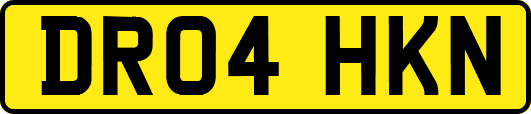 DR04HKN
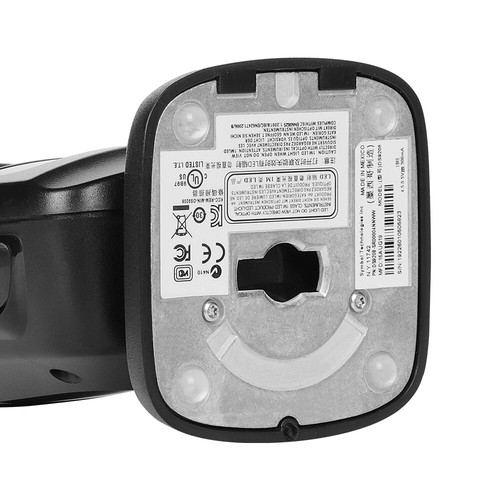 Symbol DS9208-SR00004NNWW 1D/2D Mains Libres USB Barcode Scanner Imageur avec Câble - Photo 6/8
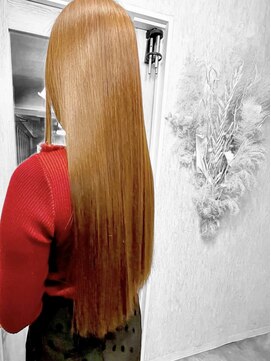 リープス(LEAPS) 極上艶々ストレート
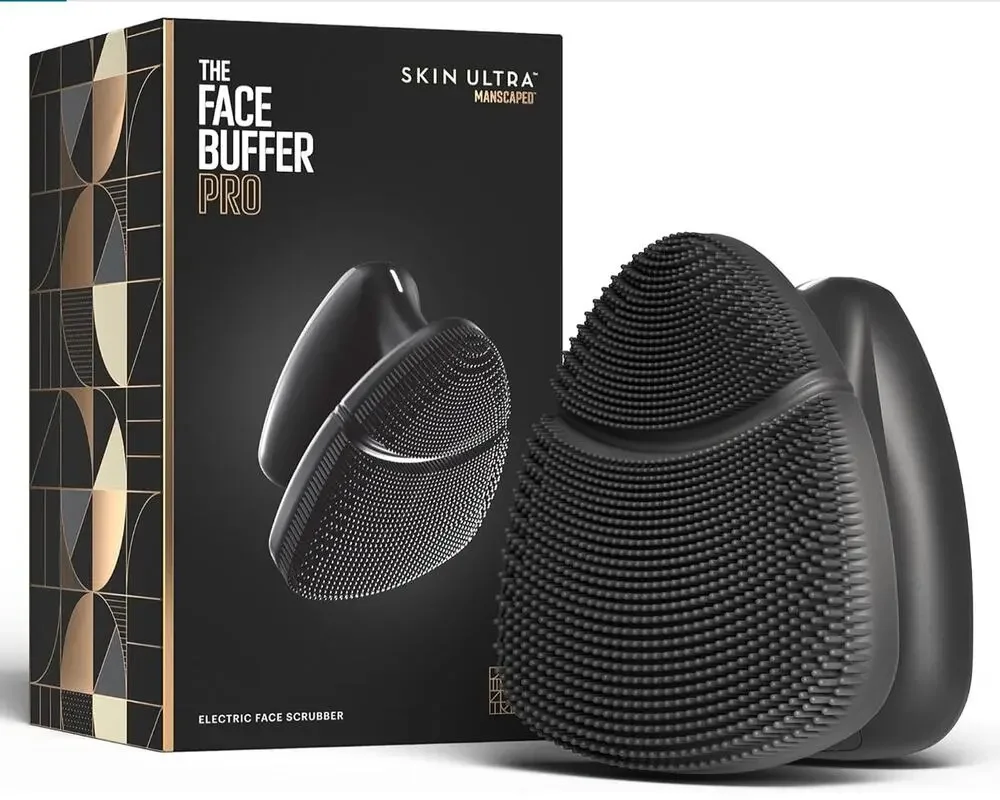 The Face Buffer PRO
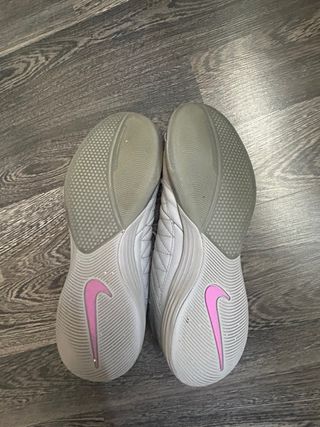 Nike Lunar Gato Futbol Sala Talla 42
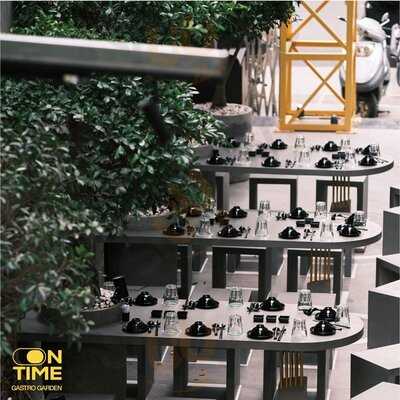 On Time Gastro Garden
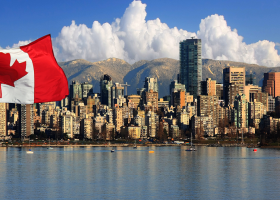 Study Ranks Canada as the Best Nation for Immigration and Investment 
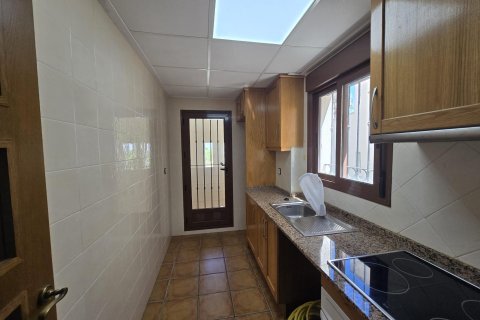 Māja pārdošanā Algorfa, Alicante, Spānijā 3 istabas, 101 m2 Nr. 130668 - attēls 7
========
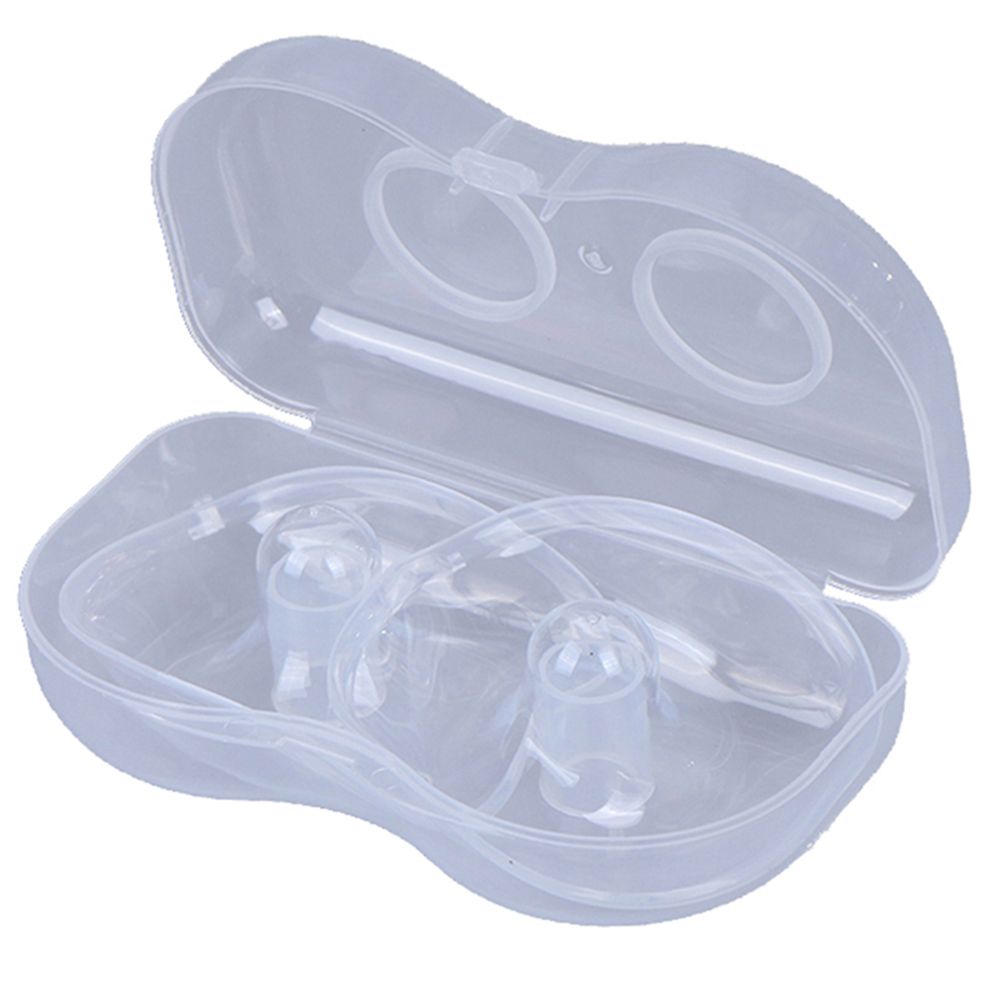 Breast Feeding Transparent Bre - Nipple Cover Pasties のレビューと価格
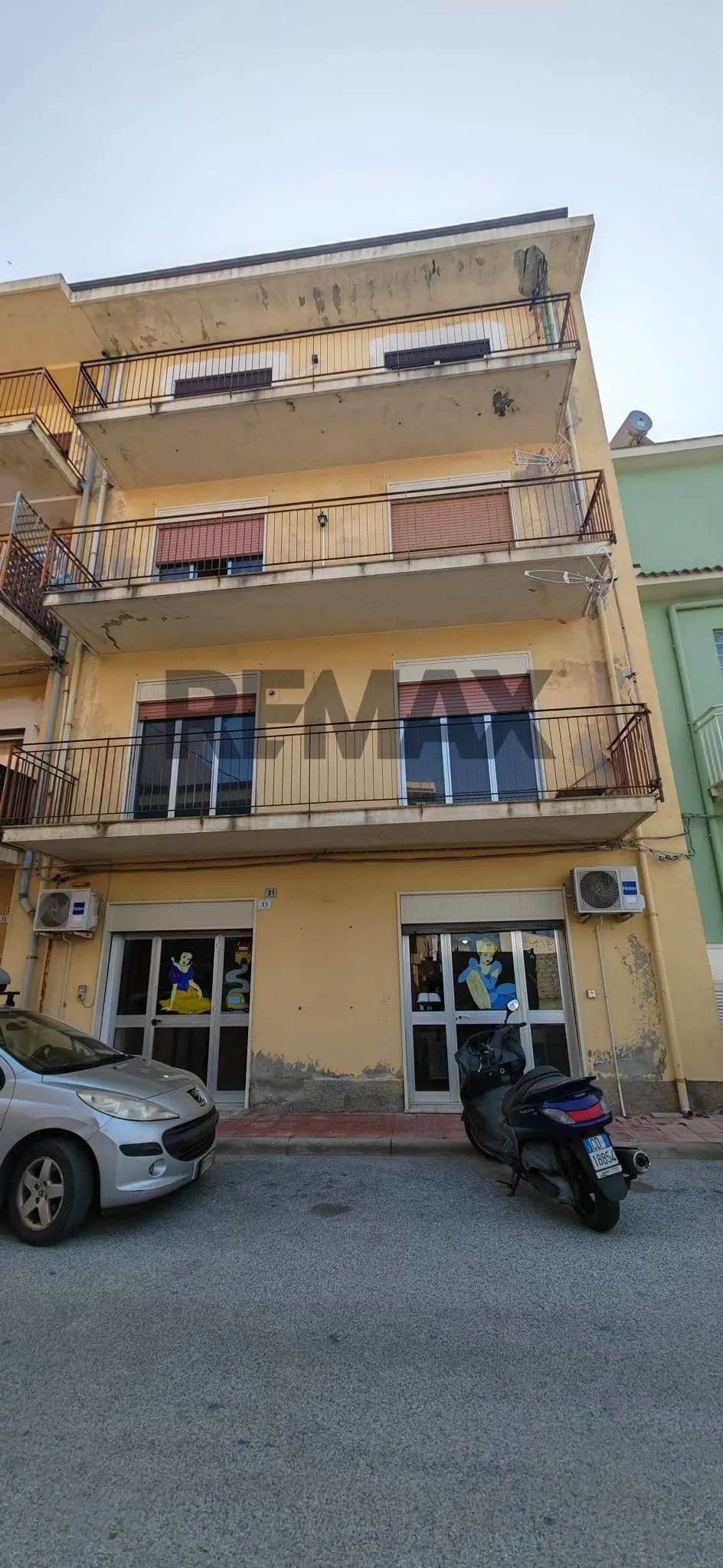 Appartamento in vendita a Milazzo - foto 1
========
• THE TASK
Go to the line above holding "Study Ranks Canada", then copy exactly each line down to and including the one holding "Māja pārdošanā Algorfa, Alicante, Spānijā", leaving pictures out.

• ANSWER SPACE
 Study Ranks Canada as the Best Nation for Immigration and Investment 
 Māja pārdošanā Algorfa, Alicante, Spānijā 3 istabas, 101 m2 Nr. 130668 - attēls 7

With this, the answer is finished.